British Woman Rachel D Pictured In Bali Jail Over £1.6m Cocaine Haul

PICTURED: Second British Woman Held Over Bali Drug Haul

A British woman facing the death penalty after being arrested in Bali on suspicion of being part of a million pound drug smuggling ring has been pictured at an Indonesian police station for the first time.

Rachel D was arrested but shouted "it is a fit up"

Known only as Rachel D, she is seen make-up free and looking drained in a prison jumpsuit.

Rachel shouted the customs sting was a "fit up" and that she was being badly treated in prison.

She told ITV reporter Angus Walker through the bars in her cell: "It's a fit up, get us a decent lawyer."

Rachel was arrested alongside housewife Lindsay Sandiford, 55, who could face the death penalty after being found with £1.6m of cocaine in Bali, after Sandiford reportedly agreed to set up a sting operation.

According to the Daily Mail she was detained alongside her husband, with the two thought to be the ring-leaders of the gang.

Housewife Lindsay Sandiford, who faces the death penalty

A friend of Sandiford told ITV's Daybreak on Tuesday she remembered her as "someone that helped me", adding she was "very surprised" at her arrest abroad.

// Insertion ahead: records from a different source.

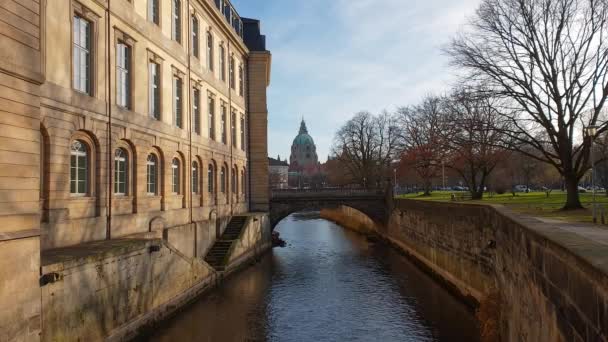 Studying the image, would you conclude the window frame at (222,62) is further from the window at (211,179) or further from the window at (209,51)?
the window at (211,179)

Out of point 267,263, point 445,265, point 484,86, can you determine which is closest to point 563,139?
point 484,86

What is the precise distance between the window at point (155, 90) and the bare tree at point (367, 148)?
127 ft

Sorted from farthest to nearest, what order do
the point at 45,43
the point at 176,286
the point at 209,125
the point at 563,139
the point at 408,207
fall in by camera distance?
the point at 408,207
the point at 209,125
the point at 563,139
the point at 176,286
the point at 45,43

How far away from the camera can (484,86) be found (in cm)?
2245

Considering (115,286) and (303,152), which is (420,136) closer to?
(115,286)

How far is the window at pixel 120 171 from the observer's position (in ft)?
58.4

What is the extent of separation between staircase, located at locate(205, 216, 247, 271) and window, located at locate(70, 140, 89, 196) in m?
9.56

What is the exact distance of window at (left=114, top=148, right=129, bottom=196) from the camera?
1780 centimetres

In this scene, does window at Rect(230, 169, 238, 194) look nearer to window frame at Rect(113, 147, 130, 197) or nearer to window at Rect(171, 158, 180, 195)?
window at Rect(171, 158, 180, 195)

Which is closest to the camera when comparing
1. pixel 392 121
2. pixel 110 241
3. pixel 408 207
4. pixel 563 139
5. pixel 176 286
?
pixel 110 241

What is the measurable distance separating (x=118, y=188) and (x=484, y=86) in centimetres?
1668

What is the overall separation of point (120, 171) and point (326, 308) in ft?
31.0

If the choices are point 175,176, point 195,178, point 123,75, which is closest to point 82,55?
point 123,75

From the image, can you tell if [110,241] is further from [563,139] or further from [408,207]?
[408,207] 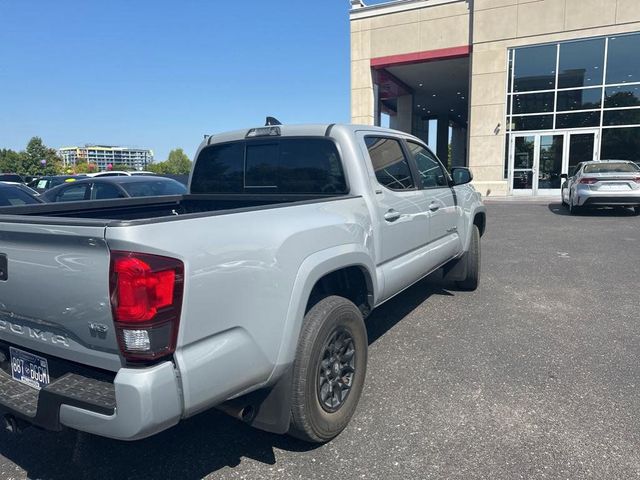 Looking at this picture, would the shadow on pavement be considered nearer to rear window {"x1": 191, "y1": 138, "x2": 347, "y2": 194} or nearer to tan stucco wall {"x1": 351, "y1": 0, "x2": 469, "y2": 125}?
tan stucco wall {"x1": 351, "y1": 0, "x2": 469, "y2": 125}

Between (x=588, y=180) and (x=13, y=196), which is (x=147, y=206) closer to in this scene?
(x=13, y=196)

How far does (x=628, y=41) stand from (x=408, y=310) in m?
19.5

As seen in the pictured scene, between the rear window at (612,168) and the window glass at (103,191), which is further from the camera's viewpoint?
the rear window at (612,168)

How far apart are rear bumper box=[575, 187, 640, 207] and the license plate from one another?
13.9 metres

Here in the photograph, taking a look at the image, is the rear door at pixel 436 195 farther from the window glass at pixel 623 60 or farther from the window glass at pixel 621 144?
the window glass at pixel 623 60

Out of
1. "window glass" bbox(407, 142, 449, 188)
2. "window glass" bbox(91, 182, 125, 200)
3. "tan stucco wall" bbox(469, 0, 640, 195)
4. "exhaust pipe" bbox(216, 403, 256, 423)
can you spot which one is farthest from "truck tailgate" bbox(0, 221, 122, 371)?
"tan stucco wall" bbox(469, 0, 640, 195)

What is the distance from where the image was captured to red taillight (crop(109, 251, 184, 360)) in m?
1.88

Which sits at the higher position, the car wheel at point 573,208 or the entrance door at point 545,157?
the entrance door at point 545,157

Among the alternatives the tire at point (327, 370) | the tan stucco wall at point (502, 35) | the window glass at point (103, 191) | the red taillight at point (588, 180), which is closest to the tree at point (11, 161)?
the tan stucco wall at point (502, 35)

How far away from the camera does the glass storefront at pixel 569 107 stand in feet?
62.4

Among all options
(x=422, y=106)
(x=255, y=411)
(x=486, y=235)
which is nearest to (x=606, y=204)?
(x=486, y=235)

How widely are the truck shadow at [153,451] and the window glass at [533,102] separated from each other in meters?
21.0

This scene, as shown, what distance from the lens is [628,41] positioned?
18.8m

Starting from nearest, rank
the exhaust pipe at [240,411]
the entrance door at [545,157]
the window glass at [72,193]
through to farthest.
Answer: the exhaust pipe at [240,411], the window glass at [72,193], the entrance door at [545,157]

"Our children played rugby for Cheltenham and, because I wasn't driving at the time, she'd transport my children, so I helped her with jobs around the house," she said.

"I just can't believe that she's gone that low. I'm just gobsmacked."

Drug traffickers are now more likely to enlist western tourists because they do not fit the stereotype of a drug mule, according to a lecturer in criminology.

Jennifer Fleetwood, a University of Kent expert in drug mules and the drug trade, said: "There is no such thing as a typical drugs mule.

"Nowadays, traffickers are more likely to employ pensioners, teenagers and western tourists in the hope of evading detection.

"A significant minority of drug mules are coerced or threatened into the risky business carrying drugs across borders.

Furthermore, few drug mules know where they are travelling to or what they will carry until the last minute. By then, it is impossible to back out."

Dr Fleetwood said: "Researchers and campaigners worldwide agree that drug mules are minor players. Most earn pitiful sums of money for taking the risk for others."

Indonesia has extremely strict drug laws and convicted smugglers are executed. More than 140 people are on death row, a third of them foreigners.

The drugs were found hidden in the lining of a suitcase she was carrying, officials said.

Sandiford told police she only agreed to make the trip because her children in England were being threatened, according to the Australian Associated Press (AAP) news agency.